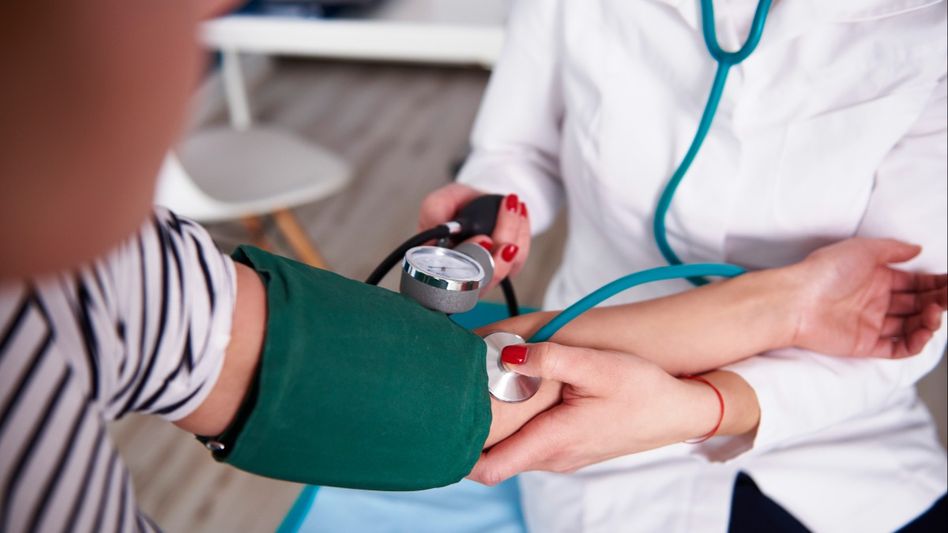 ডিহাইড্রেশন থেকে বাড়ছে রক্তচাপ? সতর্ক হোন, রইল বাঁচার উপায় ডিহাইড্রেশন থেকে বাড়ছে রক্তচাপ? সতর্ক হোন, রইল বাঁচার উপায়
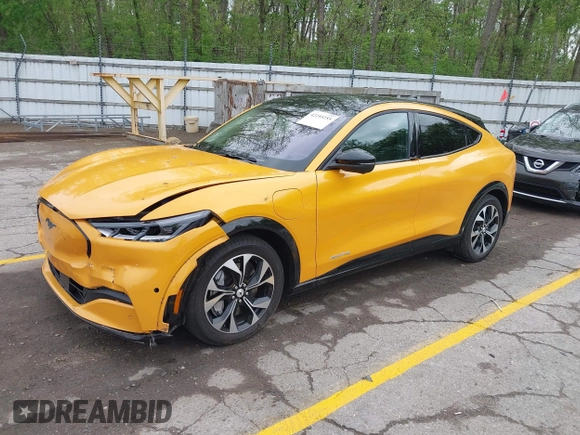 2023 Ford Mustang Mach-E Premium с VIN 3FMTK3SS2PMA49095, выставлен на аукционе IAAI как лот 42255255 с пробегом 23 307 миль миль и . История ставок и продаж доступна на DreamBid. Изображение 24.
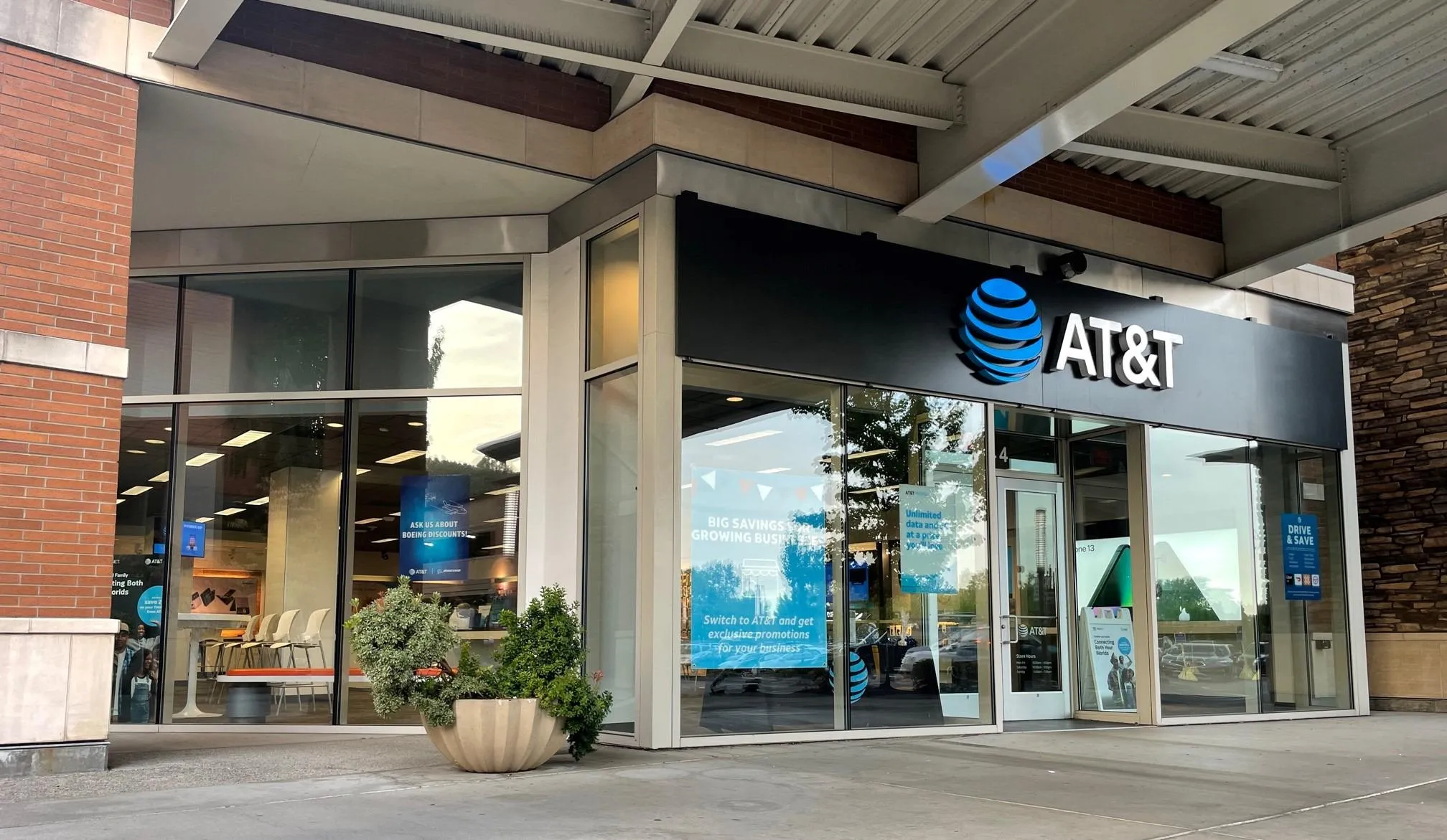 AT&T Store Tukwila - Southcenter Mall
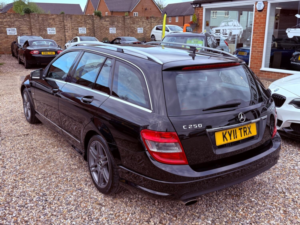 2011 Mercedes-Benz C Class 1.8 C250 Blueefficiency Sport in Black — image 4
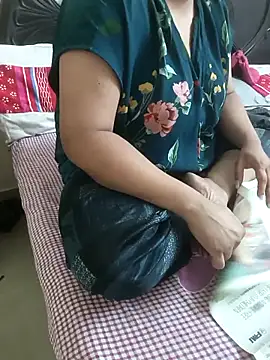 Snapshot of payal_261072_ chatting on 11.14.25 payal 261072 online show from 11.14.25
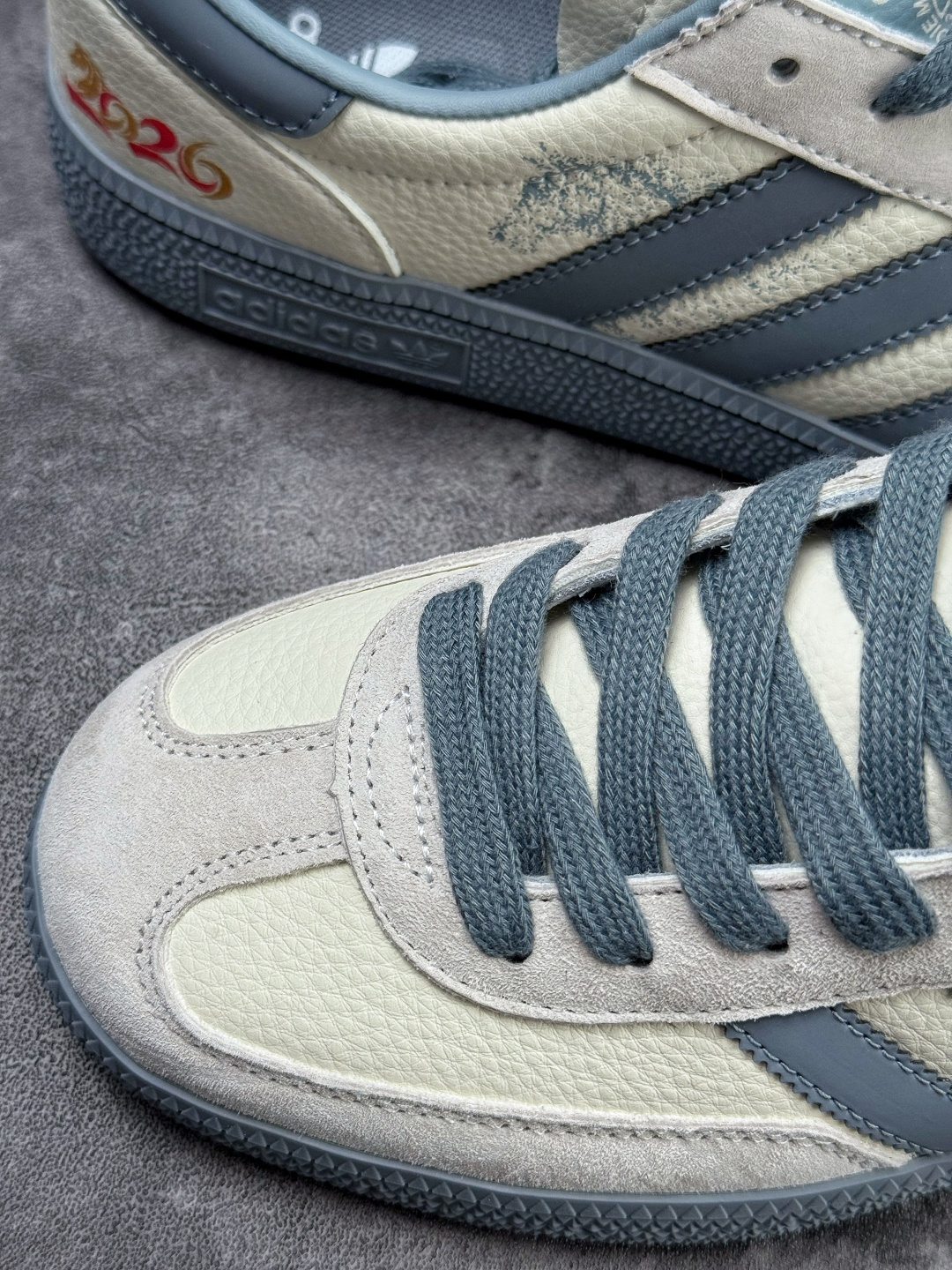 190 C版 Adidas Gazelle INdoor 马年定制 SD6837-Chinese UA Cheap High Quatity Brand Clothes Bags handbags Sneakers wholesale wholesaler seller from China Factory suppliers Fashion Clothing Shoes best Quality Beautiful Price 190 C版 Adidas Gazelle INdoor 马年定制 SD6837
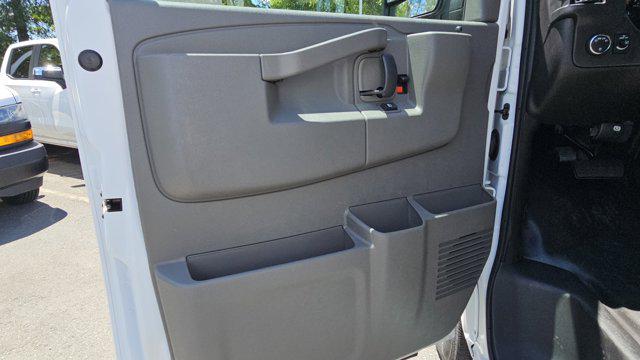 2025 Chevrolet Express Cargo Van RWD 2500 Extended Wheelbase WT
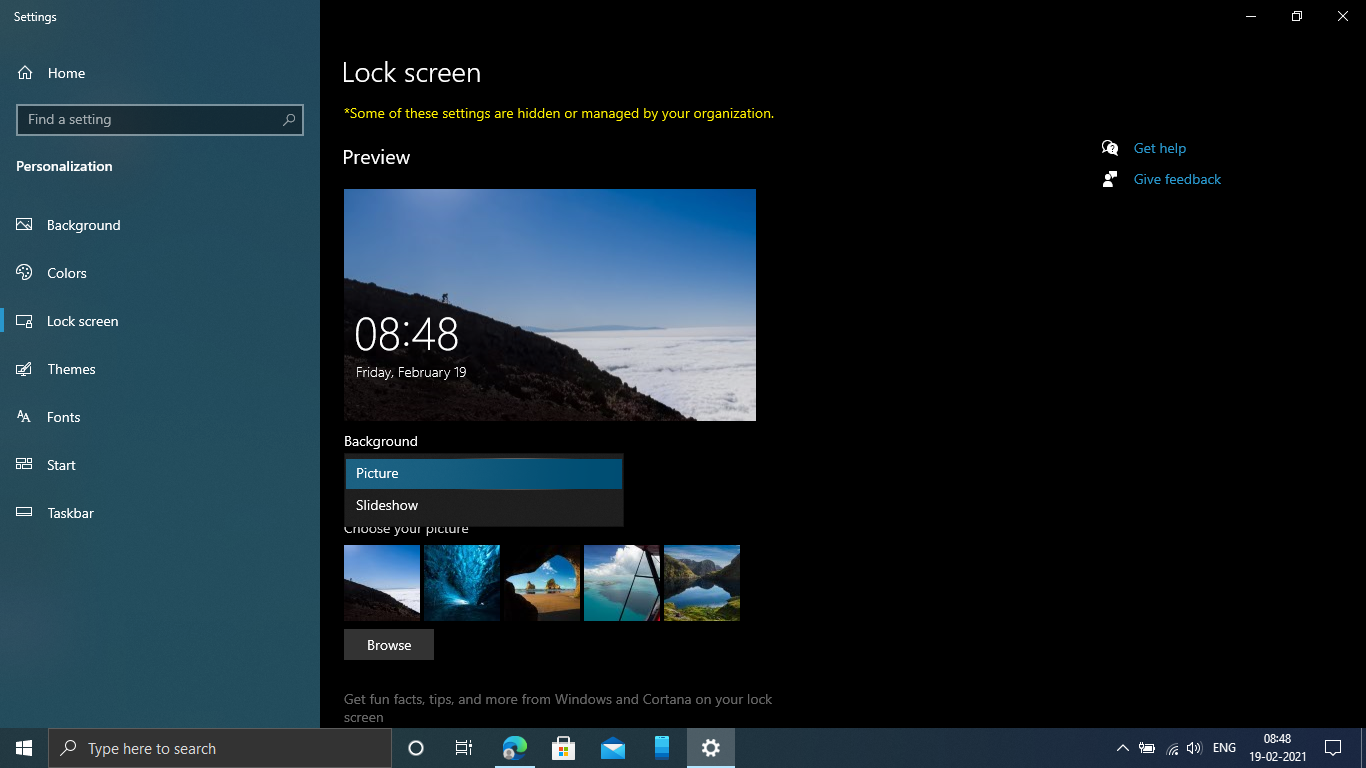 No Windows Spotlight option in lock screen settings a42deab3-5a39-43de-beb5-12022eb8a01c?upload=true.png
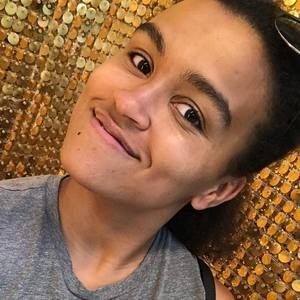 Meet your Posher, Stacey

****************************************

### TASK STATEMENT
With the pictures left out, output all the entries exactly.

### TASK RESPONSE
 ডিহাইড্রেশন থেকে বাড়ছে রক্তচাপ? সতর্ক হোন, রইল বাঁচার উপায় ডিহাইড্রেশন থেকে বাড়ছে রক্তচাপ? সতর্ক হোন, রইল বাঁচার উপায়
 2023 Ford Mustang Mach-E Premium с VIN 3FMTK3SS2PMA49095, выставлен на аукционе IAAI как лот 42255255 с пробегом 23 307 миль миль и . История ставок и продаж доступна на DreamBid. Изображение 24.
 AT&T Store Tukwila - Southcenter Mall
 2011 Mercedes-Benz C Class 1.8 C250 Blueefficiency Sport in Black — image 4
 Snapshot of payal_261072_ chatting on 11.14.25 payal 261072 online show from 11.14.25
 190 C版 Adidas Gazelle INdoor 马年定制 SD6837-Chinese UA Cheap High Quatity Brand Clothes Bags handbags Sneakers wholesale wholesaler seller from China Factory suppliers Fashion Clothing Shoes best Quality Beautiful Price 190 C版 Adidas Gazelle INdoor 马年定制 SD6837
 2025 Chevrolet Express Cargo Van RWD 2500 Extended Wheelbase WT
 No Windows Spotlight option in lock screen settings a42deab3-5a39-43de-beb5-12022eb8a01c?upload=true.png
 Meet your Posher, Stacey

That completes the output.